GIVEN RECORDS:
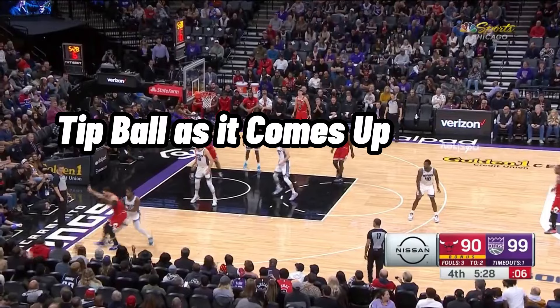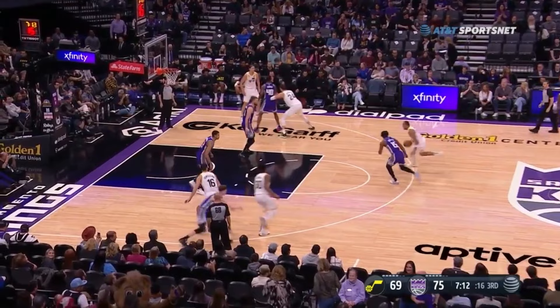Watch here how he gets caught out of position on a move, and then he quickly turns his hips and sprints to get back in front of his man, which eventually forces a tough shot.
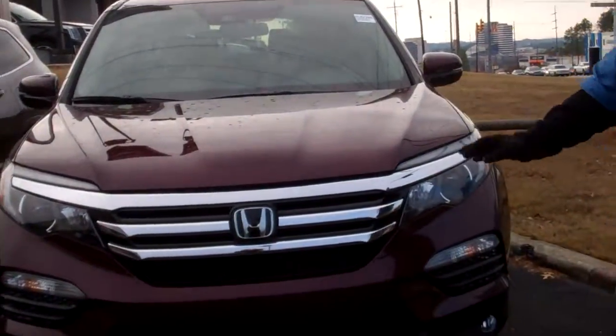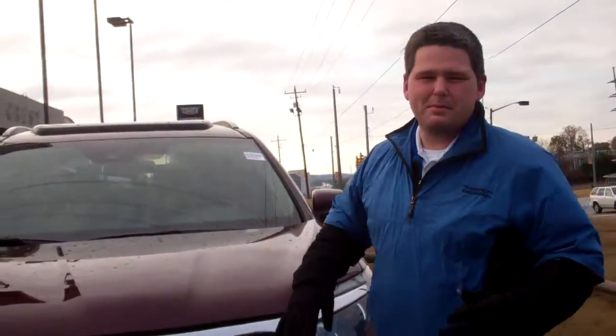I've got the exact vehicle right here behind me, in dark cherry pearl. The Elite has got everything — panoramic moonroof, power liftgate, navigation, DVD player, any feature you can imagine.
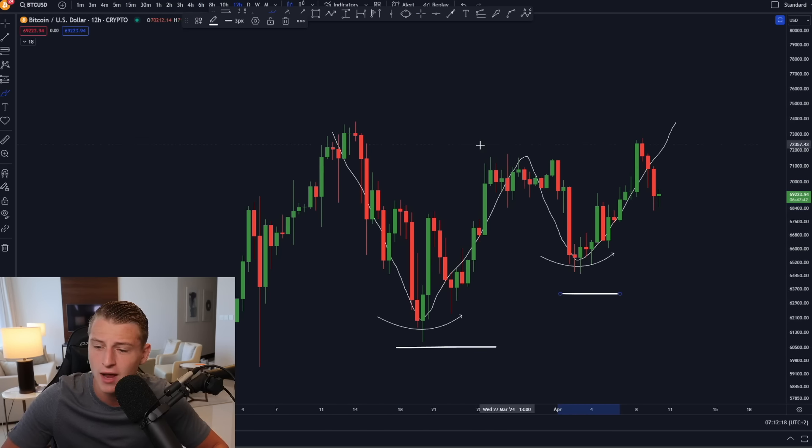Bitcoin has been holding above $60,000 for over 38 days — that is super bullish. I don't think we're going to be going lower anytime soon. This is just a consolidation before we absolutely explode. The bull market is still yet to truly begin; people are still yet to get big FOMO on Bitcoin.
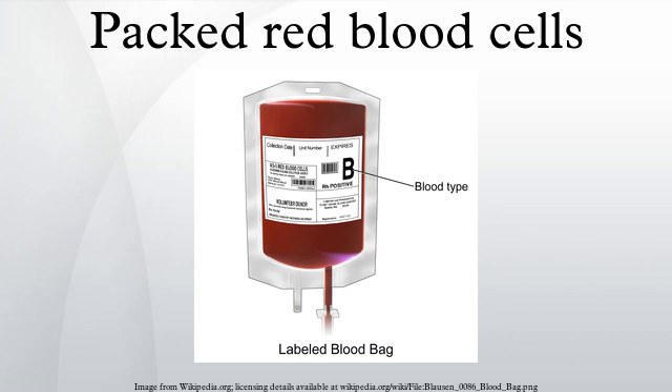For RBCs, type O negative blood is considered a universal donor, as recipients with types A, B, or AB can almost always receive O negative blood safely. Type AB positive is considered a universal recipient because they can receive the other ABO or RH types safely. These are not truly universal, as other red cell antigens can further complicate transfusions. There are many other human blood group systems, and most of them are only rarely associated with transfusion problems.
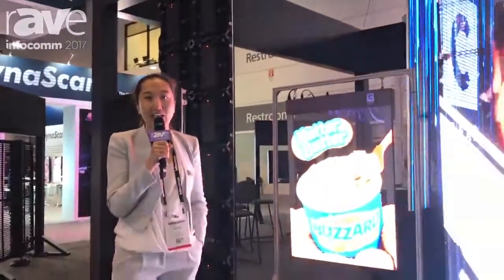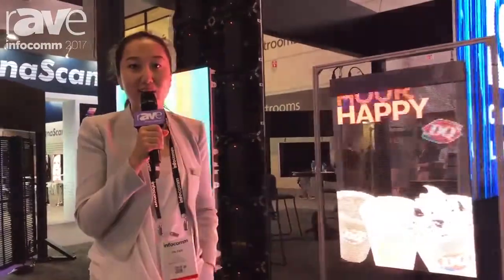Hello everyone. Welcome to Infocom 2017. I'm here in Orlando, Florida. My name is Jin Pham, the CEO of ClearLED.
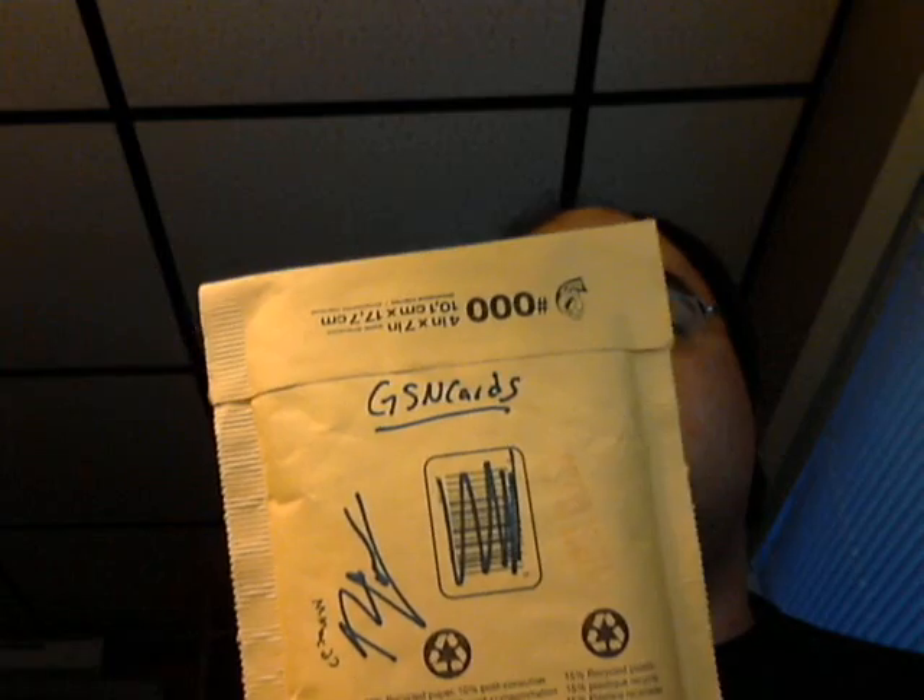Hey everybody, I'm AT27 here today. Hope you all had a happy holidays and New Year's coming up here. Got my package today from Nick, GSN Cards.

* * *

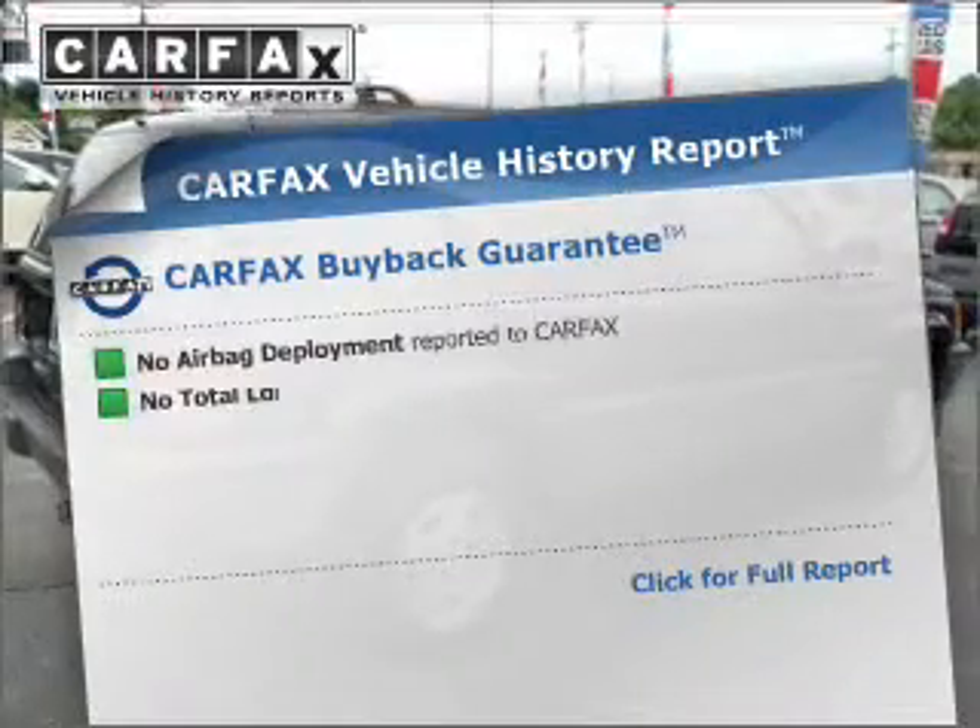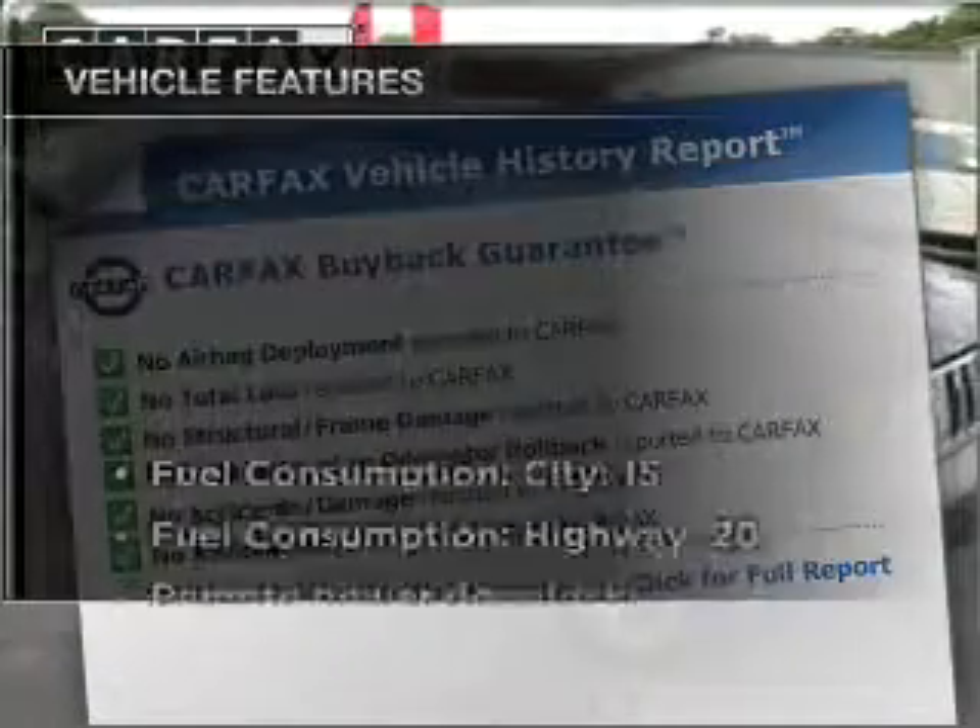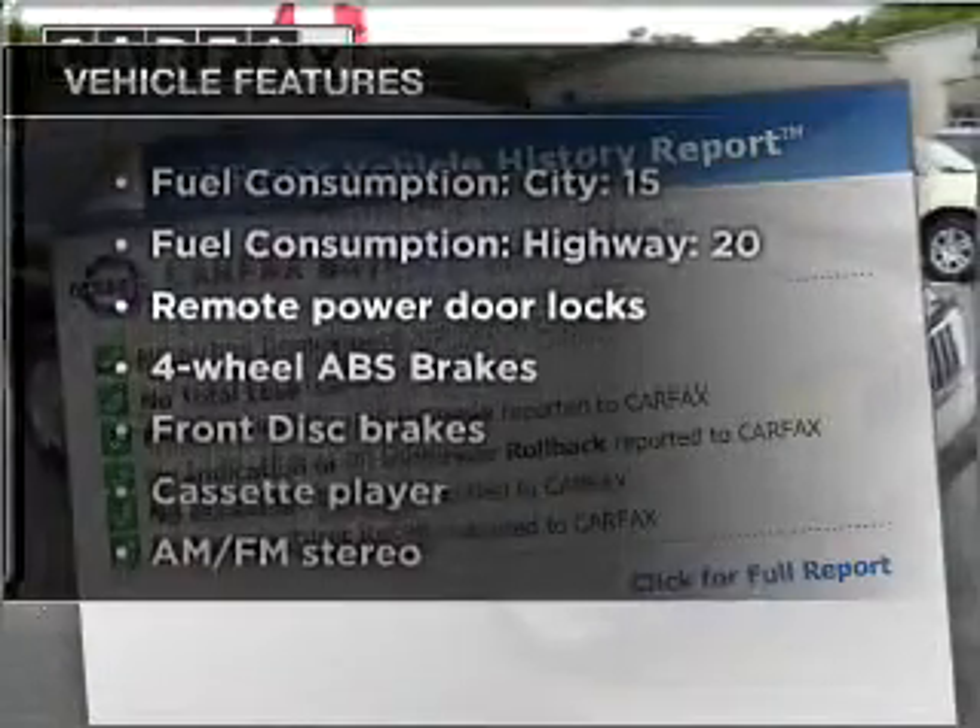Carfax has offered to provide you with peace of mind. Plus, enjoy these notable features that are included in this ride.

WHAT IS BEING ASKED:
In the listing above, find the line with "Watch here how" and the line with "I've got the". Set down both and every line between them, minus the pictures.

ANSWER:
Watch here how he gets caught out of position on a move, and then he quickly turns his hips and sprints to get back in front of his man, which eventually forces a tough shot.
I've got the exact vehicle right here behind me, in dark cherry pearl. The Elite has got everything — panoramic moonroof, power liftgate, navigation, DVD player, any feature you can imagine.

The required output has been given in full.